Core Evaluation API#

run_eval#

CLI entry point for running evaluations. This function parses command line arguments.

from nemo_evaluator.api.run import run_eval

def run_eval() -> None:
    """
    CLI entry point for running evaluations.
    
    This function parses command line arguments and executes evaluations.
    It does not take parameters directly - all configuration is passed via CLI arguments.
    
    CLI Arguments:
        --eval_type: Type of evaluation to run (e.g., "mmlu_pro", "gsm8k")
        --model_id: Model identifier (e.g "meta/llama-3.1-8b-instruct")
        --model_url: API endpoint URL (e.g "https://integrate.api.nvidia.com/v1/chat/completions" for chat endpoint type)
        --model_type: Endpoint type ("chat", "completions", "vlm", "embedding")
        --api_key_name: Environment variable name for API key integration with endpoints (optional)
        --output_dir: Output directory for results
        --run_config: Path to YAML Run Configuration file (optional)
        --overrides: Comma-separated dot-style parameter overrides (optional)
        --dry_run: Show rendered config without running (optional)
        --debug: Enable debug logging (optional, deprecated, use NV_LOG_LEVEL=DEBUG env var)
    
    Usage:
        run_eval()  # Parses sys.argv automatically
    """

Note

The run_eval() function is designed as a CLI entry point.

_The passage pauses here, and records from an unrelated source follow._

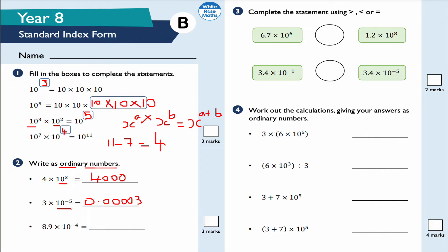Next one: 8.9 times 10 to the negative 4. The answer is 0.00089. Checking: one, two, three, four decimal places - that confirms the answer is correct.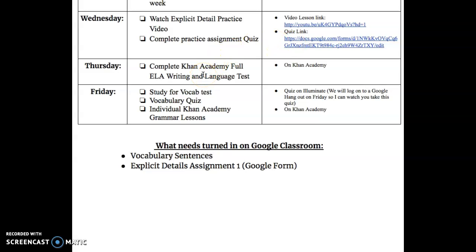Tomorrow you're going to go on Khan Academy, just like you did last week where you completed the full ELA reading test. You're going to complete test number one — the full ELA writing and language test — and that one's only a 35 minute test, so it shouldn't take you very long.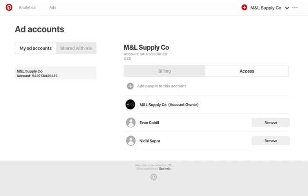You can also add different users to your ad accounts. This allows other people to access your ad accounts under their login, so you don't have to share your login information. It also helps you track user-level changes. Today, all users are added as admins, which means they can create and edit campaigns, update billing details, and add or remove other users to or from the account.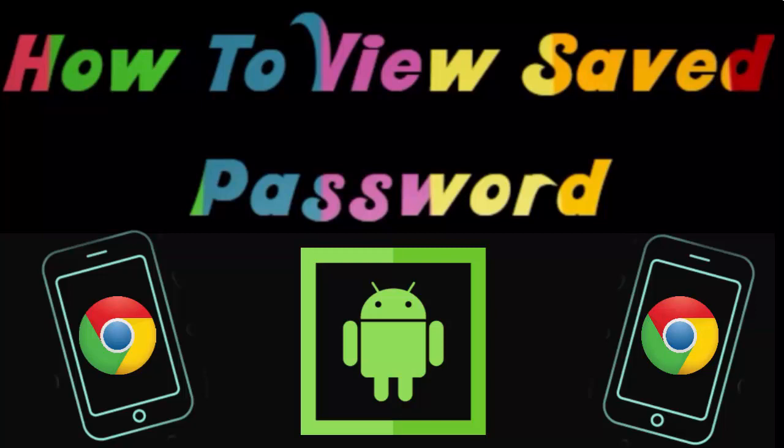In this video, I will show you how to view saved passwords on Android mobile which link to your Google account. Thank you for watching this video, and if you like this video then please like and share this video.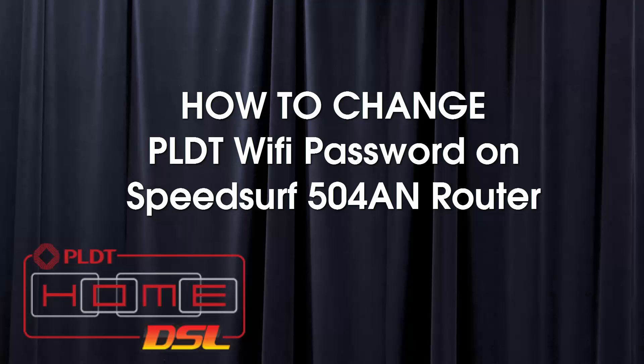To get started, first of all you have to make sure that you know your admin default password as well as the username, and at the same time you also need to know the dashboard address or the router address.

For programmatic usage, you should use the evaluate() function directly with configuration objects.

evaluate#

The core evaluation function for programmatic usage.

from nemo_evaluator.core.evaluate import evaluate
from nemo_evaluator.api.api_dataclasses import EvaluationConfig, EvaluationTarget

def evaluate(
    eval_cfg: EvaluationConfig,
    target_cfg: EvaluationTarget
) -> EvaluationResult:
    """
    Run an evaluation using configuration objects.
    
    Args:
        eval_cfg: Evaluation configuration object containing output directory,
                  parameters, and evaluation type
        target_cfg: Target configuration object containing API endpoint details
                    and adapter configuration
    
    Returns:
        EvaluationResult: Evaluation results and metadata
    """

Prerequisites:

  • Container way: Use simple-evals container mentioned in NeMo Evaluator Containers

  • Python way:

    pip install nemo-evaluator nvidia-simple-evals
    

Example Programmatic Usage:

from nemo_evaluator.core.evaluate import evaluate
from nemo_evaluator.api.api_dataclasses import (
    EvaluationConfig, 
    EvaluationTarget, 
    ConfigParams,
    ApiEndpoint,
    EndpointType
)

# Create evaluation configuration
eval_config = EvaluationConfig(
    type="simple_evals.mmlu_pro",
    output_dir="./results", 
    params=ConfigParams(
        limit_samples=100,
        temperature=0.1
    )
)

# Create target configuration
target_config = EvaluationTarget(
    api_endpoint=ApiEndpoint(
        url="https://integrate.api.nvidia.com/v1/chat/completions",
        model_id="meta/llama-3.1-8b-instruct",
        type=EndpointType.CHAT,
        api_key="your_api_key_here"
    )
)

# Run evaluation
result = evaluate(eval_config, target_config)

Data Structures#

EvaluationConfig#

Configuration for evaluation runs, defined in api_dataclasses.py.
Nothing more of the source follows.